「試合に参加してるような臨場感」THE FIRST SLAM DUNK コージィ日本犬さんの映画レビュー(感想・評価)
試合に参加してるような臨場感
「よかったな」「面白かった」
しかなかったです。
山王工戦を初映像化。
原作者の井上雄彦氏の絵のイメージのままのキャラが、ちゃんとバスケしてる、動いてるってだけでもすごいと感心したし。
モーションキャプチャーしてるのかもしれないけど、動きの表現が素晴らしい。
また、プレイヤーの一人として試合に参加してるような臨場感のある画面作り。
試合はこういう動きや位置関係だったのか、こういう設定でキャラに深みを持たせたのか、という驚きもあったし。
漫画家・アニメーターの永野護氏が監督した『花の詩女 ゴティックメード(GOTHICMADE)』みたいな、「原作者の頭の中では、こんな事を考えていた」という内容のビジュアル化に特化したような作り。
たぶん、スラダン後の『リアル』『バカボンド』などを経て、井上氏の頭の中に構築された「リアル表現」を実際の映像に落とし込むと、こうなるんだろうと。
物語を貫く主人公が花道・流川コンビから、別キャラに変更。
この交代も、花道が主役ではリリアルから遠いギャグ・コメディのテイストが多くなってしまうのを、本作では排除するという決意だったのでしょう。
なにより漫画原作はあれで見事に完結していて、表現は「やり切った感」があるだろうから、あれをそのまま映像化する意味はないと原作者=監督は考えたのだと思います。
試合の最中に回想を挟む演出だから、試合のスピード感は少し削がれるものの、それがプレイにどんな意味をもたらすかまで考えたら、これしかないって作り。
見ず知らずの隣席・前の方の女性たちが、ハンカチを取り出して号泣してるのが印象に残りました。
私も、試合ラスト周辺の作画と音の演出に唸りつつ、少し涙ぐんだりして。
これを見せられたら、そりゃキャラの絵が入ったグッズが欲しくなって、売り場に殺到するでしょう。
画面と、劇場に来ていた人たち…とくに女性たちから受けた熱量は、『鬼滅の刃』『君の名は。』が上映終わって明るくなった瞬間を思い出しました。
そんなレベル。
ただ、試合はわりと原作の名シーンだけで繋いでいるから、漫画・テレビアニメ未修の人には不親切なので、新主人公以外の各キャラの説明などは大幅に省かれていて、そこは覚悟した方がいいかも。
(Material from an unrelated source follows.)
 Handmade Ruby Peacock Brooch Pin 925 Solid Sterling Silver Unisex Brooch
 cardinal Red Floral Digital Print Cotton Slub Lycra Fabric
さらに、その名シーンも新主人公目線で重要となるところだけ、という意図ある選び方で作ってあります。
山王工戦の前半部分のエピソード(たとえば河田弟の説明とか)はバッサリ切ってて。
映画だけのオリジナルエピソードもありました。
これは連載から時が流れて、山王のモデルになった能代工業から田臥勇太がNBAのフェニックス・サンズ、宮城の明成高校→アメリカのゴンザガ大学からワシントン・ウィザーズに行った八村塁、トロント・ラプターズで現在活躍する渡邊雄太…
日本人プレイヤーがNBAで活躍する時代になり、昔のままの話だけで終わらせたくなかったんじゃないかと思いました。
……だから、原作&テレビシリーズが終わった二十数年前から待ってるうちに、拗らせていた人には「私の思う・願う『SLAM DUNK』はこうじゃない」となりやすいかも。
「なんであのエピソードがないんだよ」となりがちかも。
特に推しキャラがいて、その推しキャラのシーンがカットされてしまった思い入れが強い人にとっては、駄作レベルと決めつけて激怒するかもしれません。
その危険があるということは付け加えつつ。
繰り返すけど、私は好き。
面白かった。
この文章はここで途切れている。